As the answer, give exactly the lines of the records below from the one with "Trading Forex legal" through the one with "Other Than Employee", ends included and pictures left out.

DATA SHOWN START

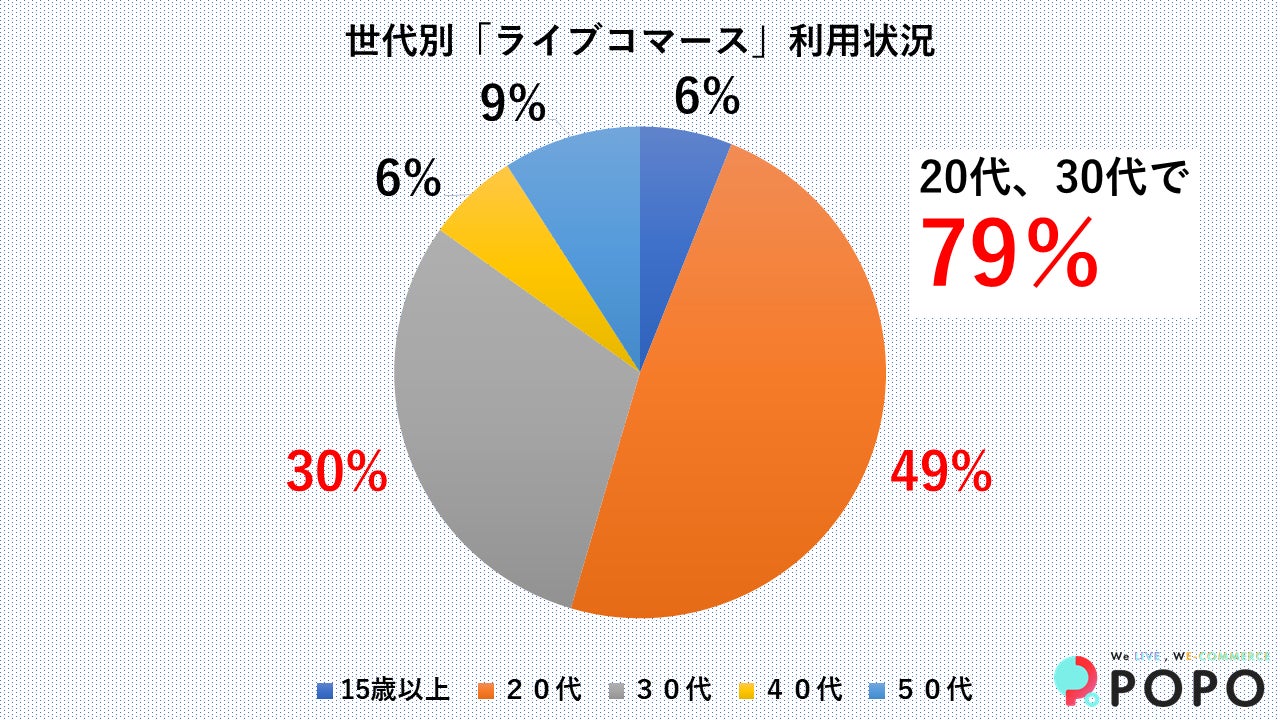 世代別で見るとライブコマース利用は20代、30代に偏り全体の8割に上る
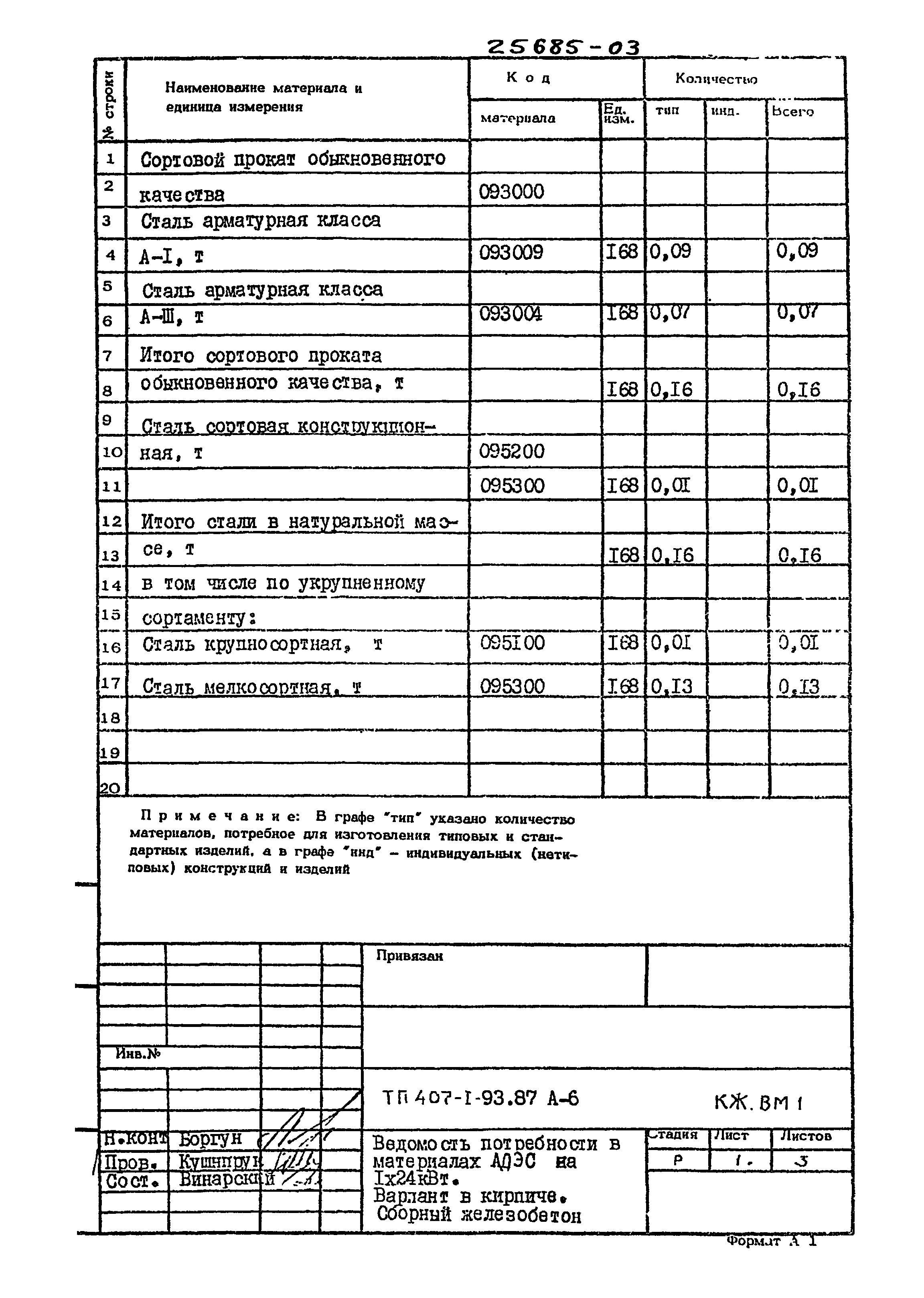 Типовой проект 407-1-93.87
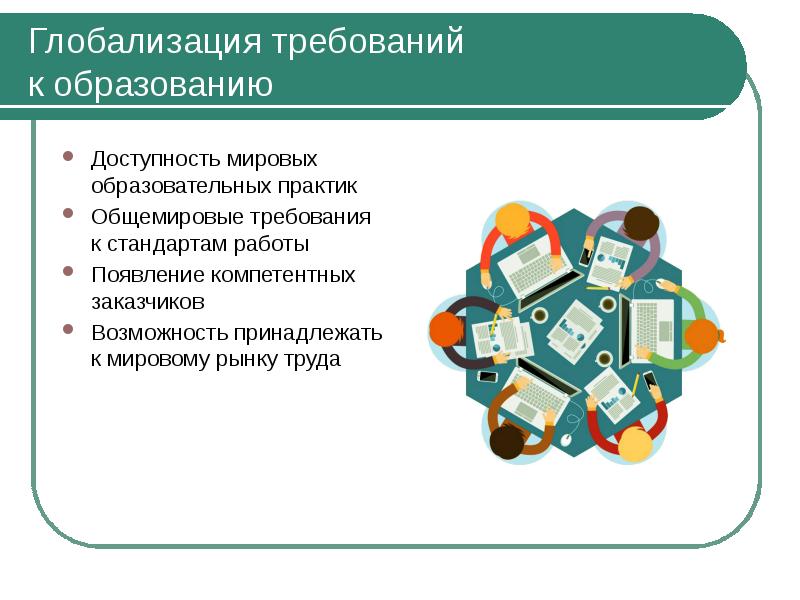 Современные тенденции развития бытовой техники 8 класс технология презентация и конспект урока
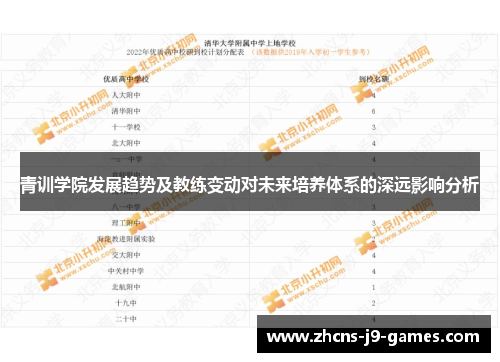 青训学院发展趋势及教练变动对未来培养体系的深远影响分析 青训学院发展趋势及教练变动对未来培养体系的深远影响分析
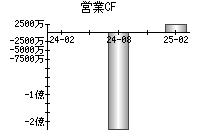 営業活動によるキャッシュフロー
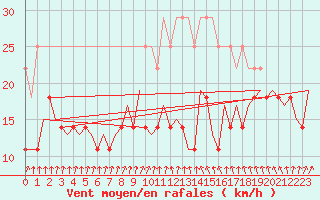 Courbe de la force du vent pour Oostende (Be)
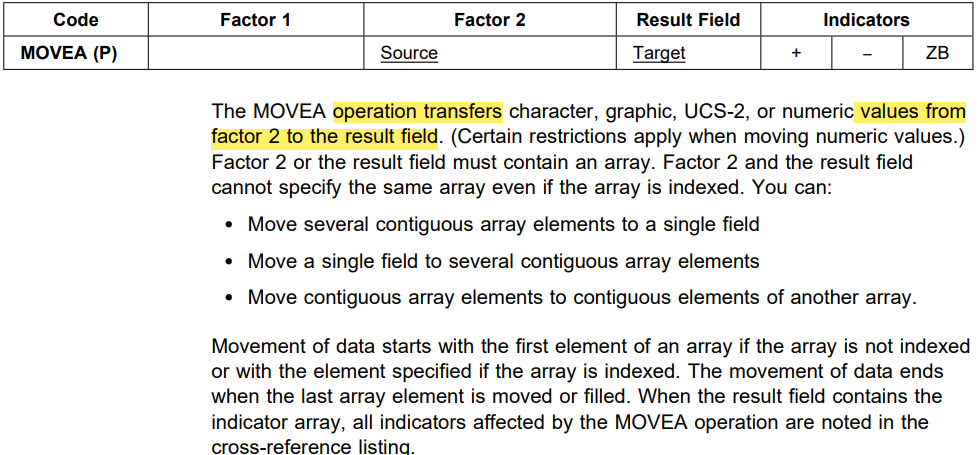 Opcode Movea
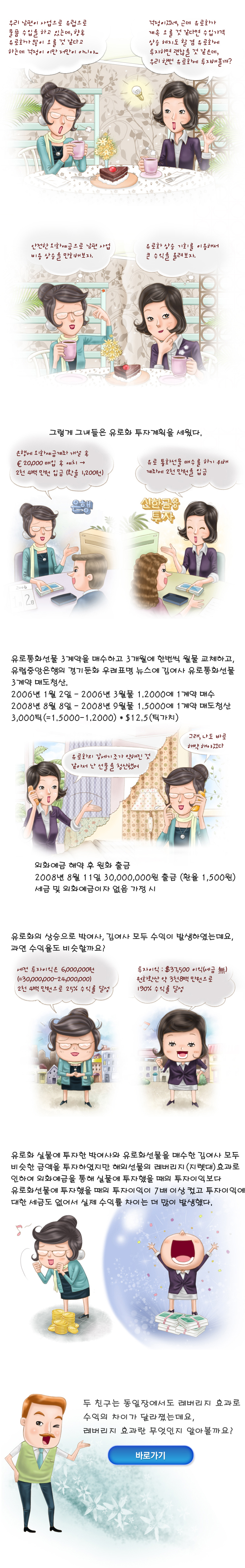 해외선물 in Life | 신한투자증권 [d23]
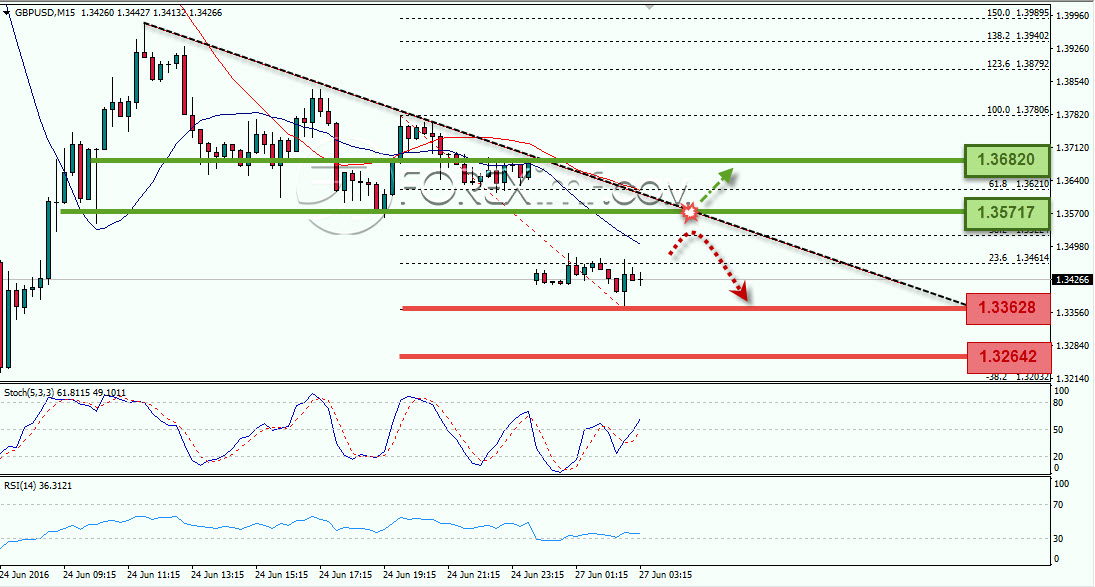 Trading Forex legal Dengan Komisi Termurah di Indonesia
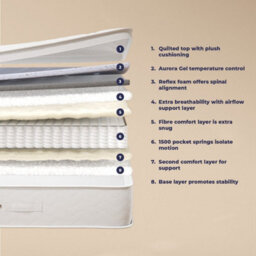 The Evermore 1500 Pocket Spring Foam Hybrid Mattress - 4Ft6 Double (135 X 190 Cm) - thumbnail 5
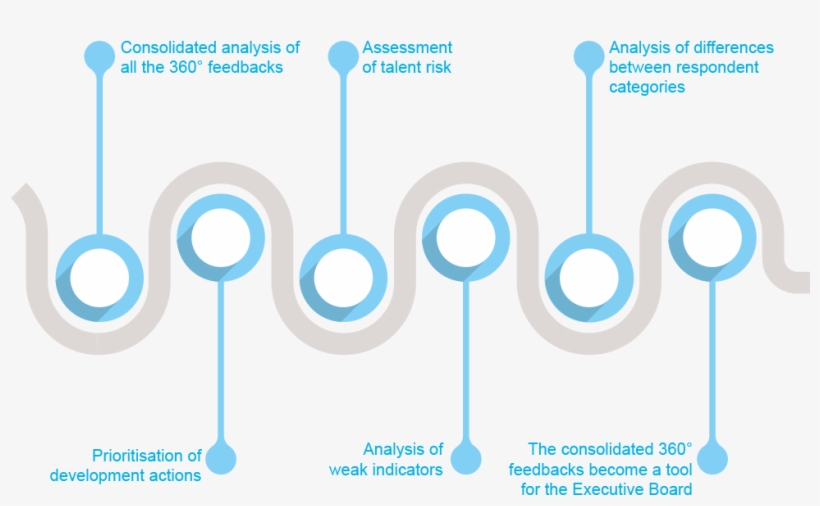 Other Than Employee Management, We Also Provide High-volume - Estimation, transparent png #2652879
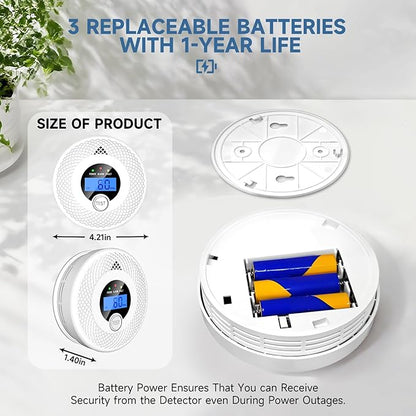Interconnected 2-in-1 Smoke & Carbon Monoxide Detector with Digital LCD Display, 85dB Loud Alarm, RF Linking for Whole Home Safety, Easy Install for Bedroom, Hallway, RV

DATA SHOWN END

### PROBLEM SOLUTION
 Trading Forex legal Dengan Komisi Termurah di Indonesia
 The Evermore 1500 Pocket Spring Foam Hybrid Mattress - 4Ft6 Double (135 X 190 Cm) - thumbnail 5
 Other Than Employee Management, We Also Provide High-volume - Estimation, transparent png #2652879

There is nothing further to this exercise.